CLEVELAND -- For the fourth consecutive postseason series, the Warriors have taken a 3-0 lead, each time leaving their opponent looking dazed and glazed and searching for answers they've already failed to find.
First the Trail Blazers, and then the Jazz, and then the Spurs, all expressing a vocal futility that translates to competitive despair.
And now, in the wake of a 118-113 Game 3 loss Wednesday night that has them one loss away from being swept, gloom has descended upon the Cleveland Cavaliers.
Veteran guard JR Smith, scrambling for optimism amid stark and dark reality, tweeted postgame "Cavs in 7."

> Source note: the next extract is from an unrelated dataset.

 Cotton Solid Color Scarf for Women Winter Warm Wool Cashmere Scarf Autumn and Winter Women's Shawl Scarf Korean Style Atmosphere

Within minutes, about as quickly as the Warriors deleted Cleveland's late-game lead, Smith deleted the tweet.
Where on earth do the Cavs go after this?
There they were, leading the entire fourth quarter, and by six with 2:25 remaining, on their home court, when it all fell apart.
What happened, coach Tyronn Lue?
"I got to look at it," he said. "I don't know. I can't remember."
What say you, LeBron James?
"They made some shots and we didn't," he said.
The Warriors closed the game on an 11-0 run, using fierce defense, completely shutting down the Cavs, while staying assertive on offense. Cleveland shot 26.1 percent in the fourth quarter and missed its last eight shots.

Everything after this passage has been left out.